Inizialmente, il Belgio ha rinviato la riapertura delle frontiere al 7 luglio e ha dichiarato che non era "certo" che i viaggiatori provenienti da tutti i 15 paesi sarebbero stati ammessi. Ieri, è stato deciso che i confini del paese rimarranno chiusi per un periodo lungo. I paesi UE nella lista bianca, lo ricordiamo, sono Algeria, Australia, Canada, Georgia, Giappone, Montenegro, Marocco, Nuova Zelanda, Ruanda, Serbia, Corea del Sud, Thailandia, Tunisia e Uruguay. Anche la Cina è nella lista, ma è soggetta alla conferma della reciprocità.
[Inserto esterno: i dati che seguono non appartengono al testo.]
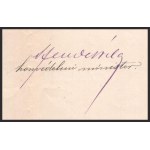 1876 Békey István miniszteri osztálytanácsos, a IV. ügyosztály vezetője részére szóló elismerési értesítés...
Secondo il governo belga, ci sono ancora troppi problemi di salute in quei paesi, o per alcuni non c'è reciprocità, il che significa che anche i belgi non possono viaggiare. Se i paesi limitrofi del Belgio decidono di consentire l’ingresso ai viaggiatori di quei 15 paesi, ci saranno controlli di frontiera senza preavviso per assicurarsi che non entrino in Belgio. La decisione comunque, sarà soggetta a valutazione costante.

Il ministro degli Esteri Philippe Goffin in precedenza aveva affermato che il Paese avrebbe impiegato almeno fino al 7 luglio per elaborare le disposizioni necessarie per riavviare i viaggi globali, "tenendo conto delle precauzioni sanitarie che sono essenziali per controllare l'epidemia".